Floods and the Aftermath


You can’t help feeling sorry for all those poor unfortunates who’s properties are under water. Watching the daily news on Sky TV I see domestic premises and commercial properties that have been devastated over the last few weeks. There is water where it has never been before with devastating consequences.

I just hope that when it finally recedes the government and local authorities seek a sensible solution.

I already hear the cry get the dredgers out and start digging out water courses, many of which are natural and have been there for ever.

Some years ago I used to fish the Upper Welland above Stamford in the county of Lincolnshire. It was a river then, of outstanding natural beauty. It meandered through stunning country side with natural bends, shallows and gravel runs where specimen fish lived and thrived in great numbers. Water fowl and kingfishers were all there too, in abundance.

In winter the river did flood on a regular basis but often dropped quicker than it had risen.

Not satisified with this the local authority arrived on the scene and within weeks our lovely river had been transformed in to a straight ugly ditch.
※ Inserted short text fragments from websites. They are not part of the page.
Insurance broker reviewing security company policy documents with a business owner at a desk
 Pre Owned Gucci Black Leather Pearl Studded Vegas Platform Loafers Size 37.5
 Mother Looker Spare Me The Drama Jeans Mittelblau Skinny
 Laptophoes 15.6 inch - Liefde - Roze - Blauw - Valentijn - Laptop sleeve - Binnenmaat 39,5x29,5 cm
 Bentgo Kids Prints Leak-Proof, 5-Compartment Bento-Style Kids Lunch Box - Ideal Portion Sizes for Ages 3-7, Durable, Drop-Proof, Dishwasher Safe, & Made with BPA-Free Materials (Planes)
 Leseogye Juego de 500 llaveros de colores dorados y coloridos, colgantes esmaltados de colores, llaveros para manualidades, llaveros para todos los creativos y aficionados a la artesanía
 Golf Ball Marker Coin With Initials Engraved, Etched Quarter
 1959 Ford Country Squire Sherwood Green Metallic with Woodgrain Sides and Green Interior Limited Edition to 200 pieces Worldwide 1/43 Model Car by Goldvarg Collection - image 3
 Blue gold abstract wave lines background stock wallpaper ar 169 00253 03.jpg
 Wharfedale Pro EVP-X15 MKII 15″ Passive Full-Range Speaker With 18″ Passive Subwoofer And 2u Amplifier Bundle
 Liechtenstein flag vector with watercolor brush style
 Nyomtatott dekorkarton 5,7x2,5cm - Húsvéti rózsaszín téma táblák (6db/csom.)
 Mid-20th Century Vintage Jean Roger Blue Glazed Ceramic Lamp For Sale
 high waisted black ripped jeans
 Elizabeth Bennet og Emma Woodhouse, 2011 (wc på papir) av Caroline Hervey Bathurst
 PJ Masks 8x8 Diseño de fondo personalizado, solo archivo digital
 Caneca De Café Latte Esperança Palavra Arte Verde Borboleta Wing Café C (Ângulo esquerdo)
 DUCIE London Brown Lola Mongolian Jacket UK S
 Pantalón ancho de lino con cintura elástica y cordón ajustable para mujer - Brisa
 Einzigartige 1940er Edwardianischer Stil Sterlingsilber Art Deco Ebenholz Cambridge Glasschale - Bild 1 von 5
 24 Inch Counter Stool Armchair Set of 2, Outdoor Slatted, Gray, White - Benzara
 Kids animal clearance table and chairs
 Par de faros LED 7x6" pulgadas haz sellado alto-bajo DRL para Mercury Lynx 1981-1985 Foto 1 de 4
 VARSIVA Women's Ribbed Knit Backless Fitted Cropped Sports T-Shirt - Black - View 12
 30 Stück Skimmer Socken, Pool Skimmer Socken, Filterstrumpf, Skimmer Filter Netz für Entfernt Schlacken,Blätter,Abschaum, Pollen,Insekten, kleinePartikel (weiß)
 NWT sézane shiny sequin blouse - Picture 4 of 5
The sides were steep and unforgiving. What had been natural habitat for all flora and fauna was now gone. The bends and gravel beds were  no more and so were the fish that once inhabited them.

A very clever friend once made the comment, ‘Nature has it’s own way of getting it’s own back.’

A few years ago there were several objections near here to a planning application to build a housing estate on what was a Shannon flood plain. Objectors were told that the land would be ‘built’ up to a height where water never reached. It was pointed out to them that if you raise levels you create a dam.

The houses were built and one year when the river flooded out so did all the properties.

In future I hope planners look at all factors before going ahead with any schemes to build.

In the meantime I also hope that in efforts to hold back water our animals and fish are not the first to suffer.